_TRY IT_
Exact copy, no pictures: every line from the one that contains "concept de design" through the end of the data below, and nothing else.

SOURCE RECORDS Block Start

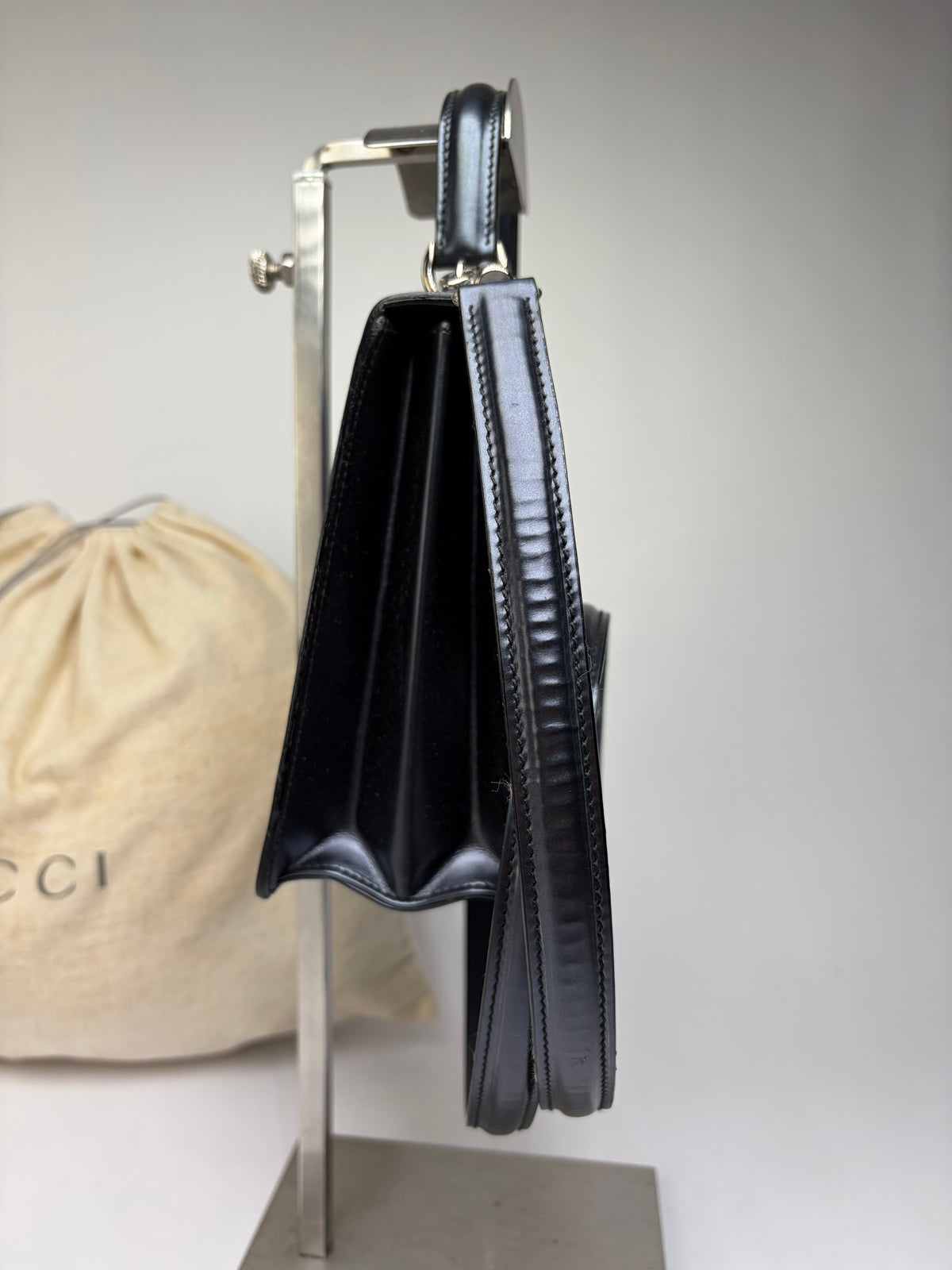 Vintage Gucci Structured Leather Top-Handle Bag Black Silver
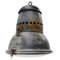 Grande Lampe à Suspension Industrielle Vintage en Verre et Émail Bleu 1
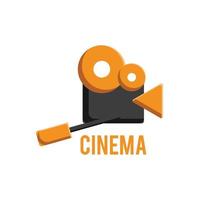 concept de design moderne de logo de cinéma vecteur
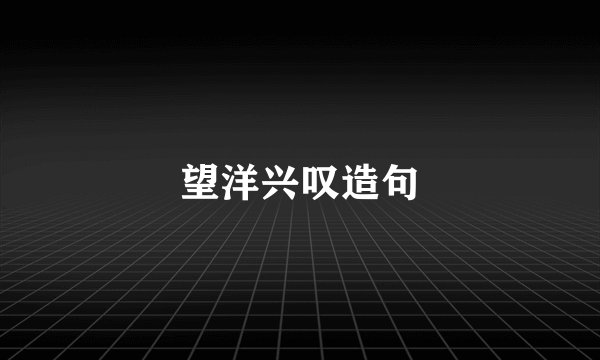 望洋兴叹造句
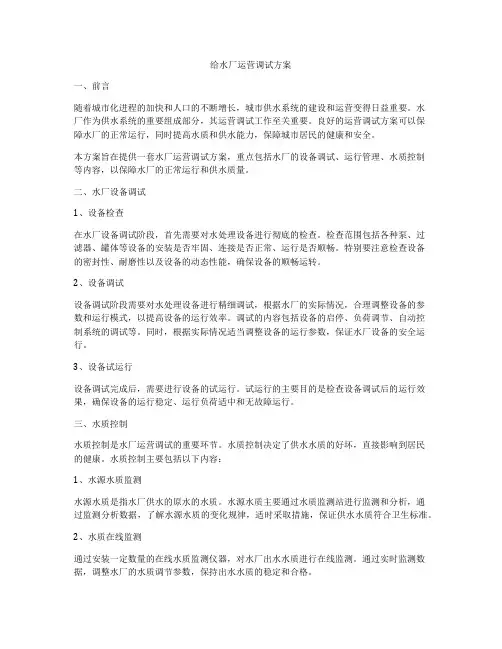 给水厂运营调试方案
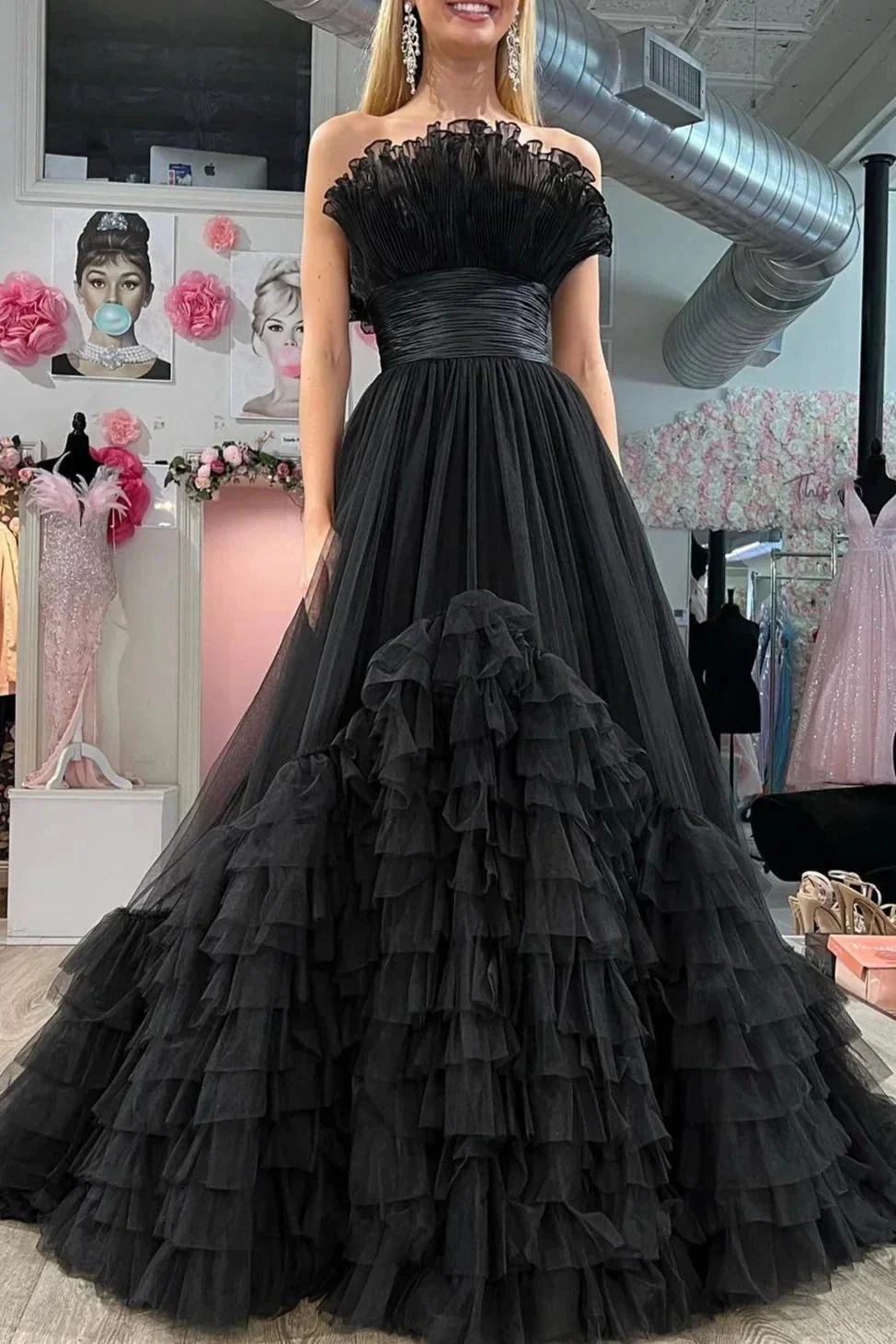 Alani |A-Line Strapless Pink Tiered Long Tulle Prom Dress - Image 8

SOURCE RECORDS Block End

_FINISHED TASK_
 concept de design moderne de logo de cinéma vecteur
 望洋兴叹造句
 给水厂运营调试方案
 Alani |A-Line Strapless Pink Tiered Long Tulle Prom Dress - Image 8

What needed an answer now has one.